[Captioned web images]

[Start of Attachment]

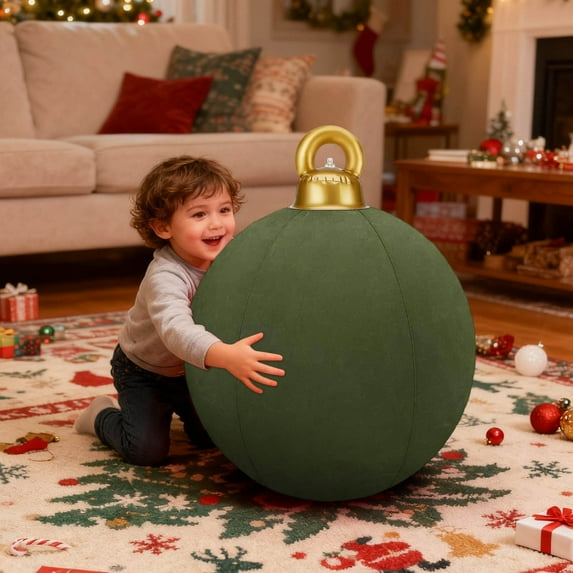 Nilvkv Christmas Balls 1PC 60CM/23.62" Inflatable Velvet Outdoor Christmas Decorated Ball for Christmas Tree Decorations, Christmas Decorations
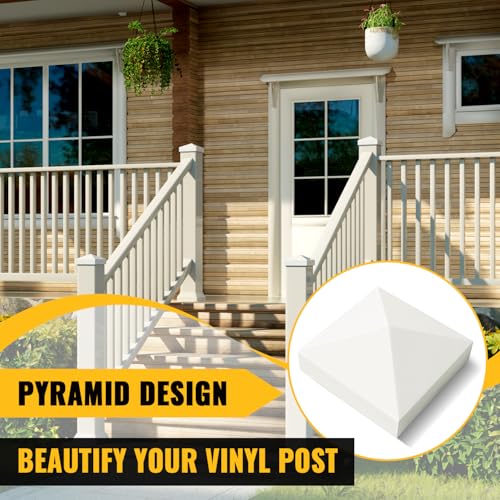 VIVIDA 5" x 5" Vinyl Fence Post Caps 12 Pack, White PVC Fence Post Caps | Actual 5" x 5", Pyramid Vinyl Post Caps, Waterproof PVC Post Topper, For Vinyl Fence, Lamp, Deck, Mailbox - size: 5" x 5" (12 PCS)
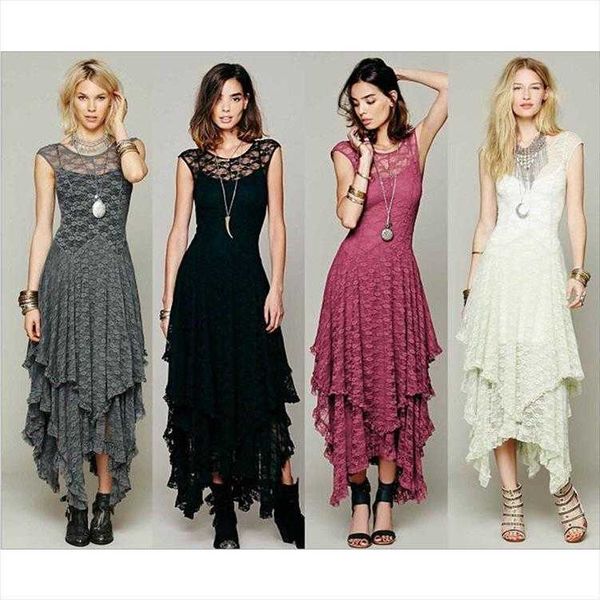 fashion womens casual dresses wear irregular high and low lace dress long, Black;gray
fashion womens casual dresses wear irregular high and low lace dress long, Black;gray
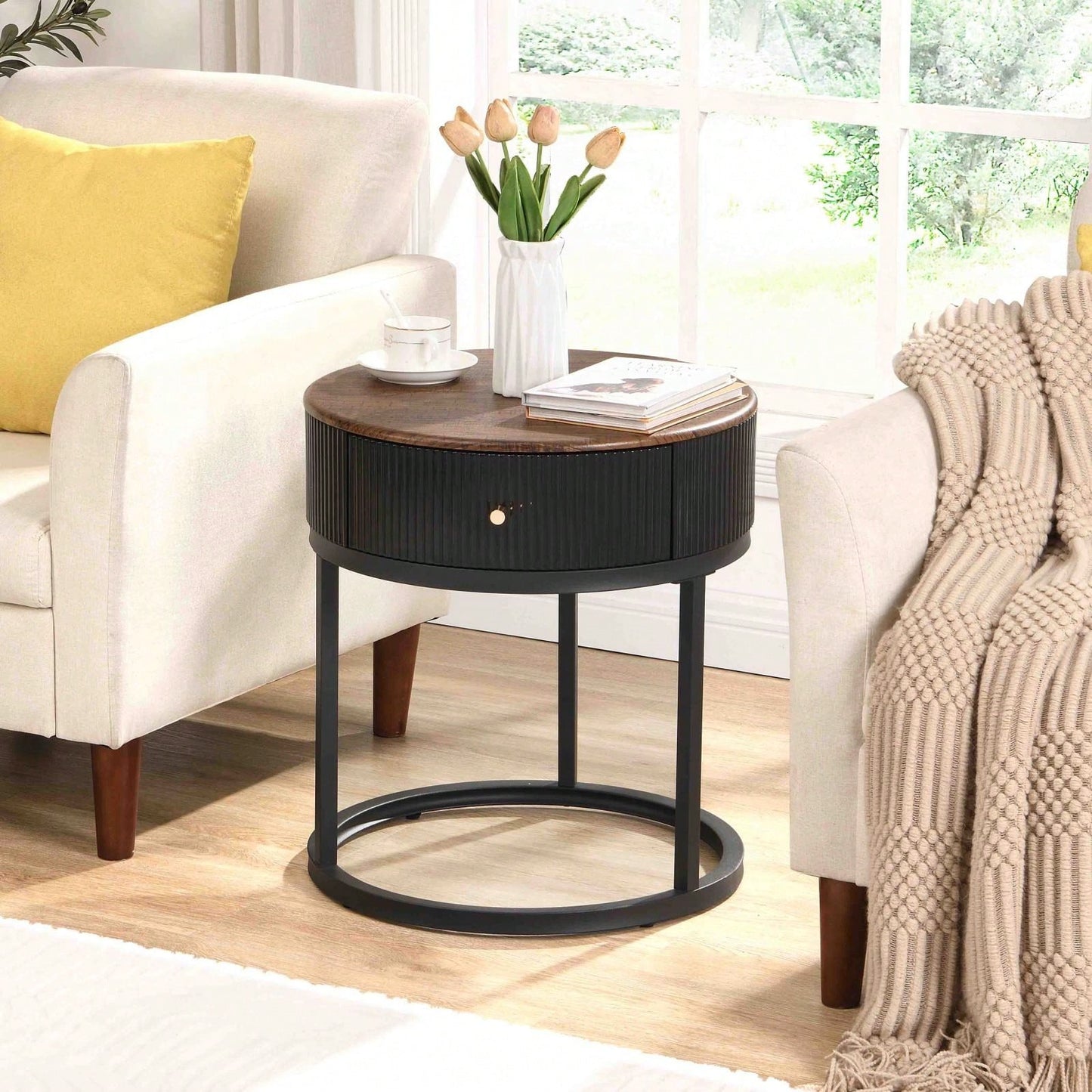 Sintered Stone Round End Table 19.68 Inch Nightstand with Drawer Waterproof Heat-Resistant Easy Assembly for Living Room Bedroom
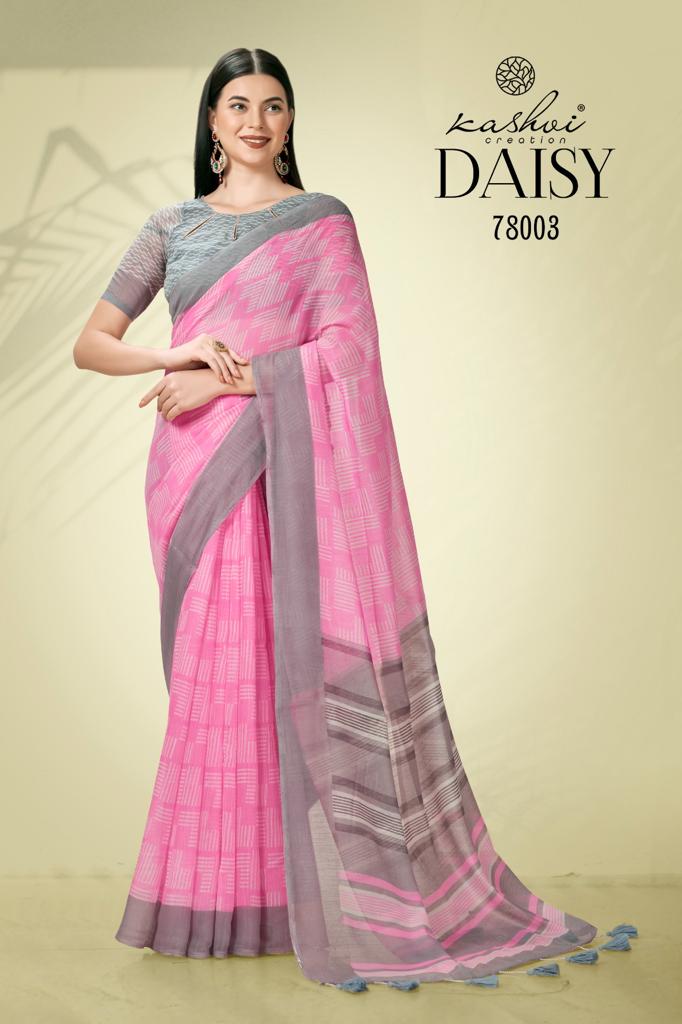 lt kashvi creation daisy linen decent look saree catalog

[End of Attachment]

[ASSIGNMENT] What is needed is a word-for-word copy of the data above, free of any images.

[TASK RESPONSE]
 Nilvkv Christmas Balls 1PC 60CM/23.62" Inflatable Velvet Outdoor Christmas Decorated Ball for Christmas Tree Decorations, Christmas Decorations
 VIVIDA 5" x 5" Vinyl Fence Post Caps 12 Pack, White PVC Fence Post Caps | Actual 5" x 5", Pyramid Vinyl Post Caps, Waterproof PVC Post Topper, For Vinyl Fence, Lamp, Deck, Mailbox - size: 5" x 5" (12 PCS)
 fashion womens casual dresses wear irregular high and low lace dress long, Black;gray
fashion womens casual dresses wear irregular high and low lace dress long, Black;gray
 Sintered Stone Round End Table 19.68 Inch Nightstand with Drawer Waterproof Heat-Resistant Easy Assembly for Living Room Bedroom
 lt kashvi creation daisy linen decent look saree catalog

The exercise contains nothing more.